Aggravant la situation, le président américain Donald Trump a annoncé vendredi après midi sa volonté de doubler les tarifs douaniers sur l’acier et l’aluminium turcs.
Un article du Financial Times rapportant que la Banque centrale européenne (BCE) était préoccupée par l’exposition des banques européennes à l'économie turque est venu ajouter de l’huile sur le feu. Selon le quotidien britannique, la BCE craindrait que des emprunteurs turcs ne se soient pas couverts contre la chute de la livre et fassent défaut sur leurs emprunts libellés en devises étrangères, qui constituent environ 40% du bilan des banques turques.
La BCE surveille la situation en Turquie et est en contact avec les banques de la zone euro concernant leur exposition au pays, a indiqué une personne proche du dossier au Wall Street Journal. Si les craintes de la BCE ne sont pas trop élevées à ce stade, l’institution est attentive aux répercussions éventuelles pour les banques de la zone euro de la chute de la livre turque et de l'évolution globale de l'économie turque, a précisé cette personne.
A la suite de cet article, l’ensemble des banques européennes souffrent sur les marchés. Directement citées par le Financial Times, BNP Paribas, BBVA et UniCredit perdent respectivement 3,4%, 4,2% et 3,3%. Les autres banques européennes n'échappent pas à ce coup de semonce, Deutsche Bank abandonnant 3,5% et Crédit Agricole cédant 1,7%.
La chute des banques pèse sur l’ensemble des indices européens : le CAC 40 recule de 1,1% à la mi-journée, le DAX 30 perd 1,7% et le FTSE Mib se replie de 1,7% également. La Bourse de Londres de son côté cède 0,7%.
Une exposition à l'économie turque à relativiser
S'éloignant de ses points bas de la matinée, l’euro abandonne 0,4% à 1,1478 dollar. Signe d’inquiétudes sur le marché, les rendements des obligations allemandes évoluent à leur plus bas niveau depuis trois semaines en raison d’une fuite vers les actifs sûrs, souligne Commerzbank. Le rendement du Bund à 10 ans s’inscrit actuellement à 0,35%.

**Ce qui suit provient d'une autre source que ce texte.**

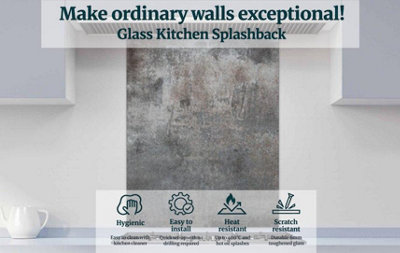 Printed Glass Kitchen Splashback - Grunge metal texture 600x700mm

«Pendant quelques jours, les marchés internationaux ont observé le plongeon de la livre turque avec plus de curiosité que d’inquiétude, semblant considérer qu’il ne s’agissait que du problème de la Turquie», indique Sean Callow, stratégiste devises chez Westpac. «C’est en train de changer», ajoute-t-il.
Néanmoins, l’exposition des banques du continent à la Turquie est relativisée par les intermédiaires de marché. «Il reste peu probable que les répercussions liées à la Turquie amènent le volume de crédit à se tarir dans une région de la zone euro», juge Carsten Hesse, économiste chez Berenberg. Selon ses calculs, si la zone euro venait à réduire ses exportations de 20%, cela retirerait à peine 0,1 point du produit intérieur brut (PIB) de l’ensemble de l’union monétaire.

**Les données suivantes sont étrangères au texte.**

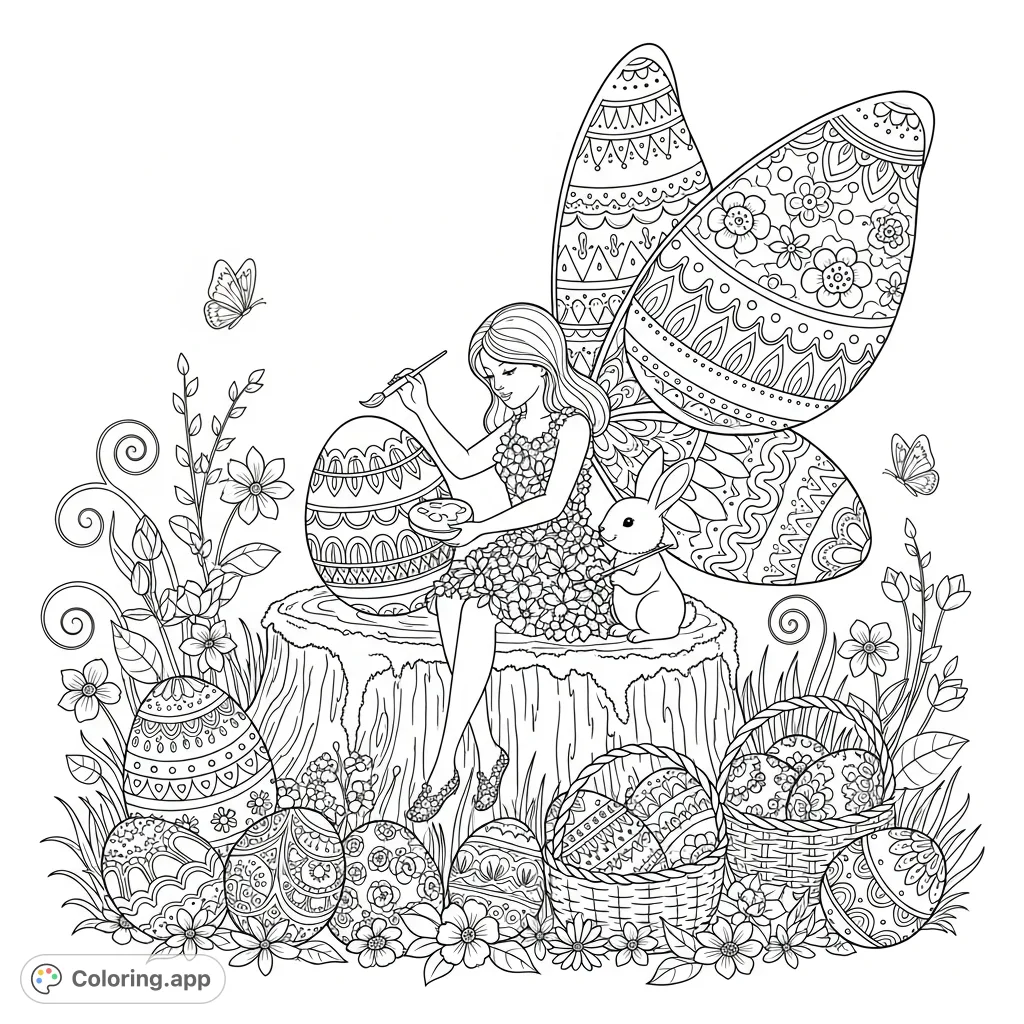 A delightful Easter fairy, with ornate egg-shaped wings, paints intricately patterned eggs alongside a bunny in a vibrant spring setting. Perfect for detailed coloring!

«Il est vrai que la Turquie constitue une exposition pour les banques européennes mais les pertes seraient limitées», souligne de son côté Christian Parisot, responsable de la recherche actions chez Aurel BGC . «Le vrai problème est qu’il y a actuellement une succession d'éléments négatifs sur les pays émergents et sur les changes liés à ces pays, avec des craintes sur la Turquie mais aussi sur le rouble russe, sur la vigueur de la croissance chinoise dans un contexte de tensions commerciales, ou encore sur le Brésil», ajoute-t-il.
Les investisseurs craignent également que le président turc, Recep Tayyip Erdogan, menace l’indépendance de la banque centrale du pays. Cette dernière a laissé ses taux d’intérêt inchangés le mois dernier et «de nombreux investisseurs pensent que les pressions politiques l’empêchent de prendre les mesures nécessaires», renchérit Jörg Krämer, économiste en chef chez Commerzbank, dans une note publiée vendredi.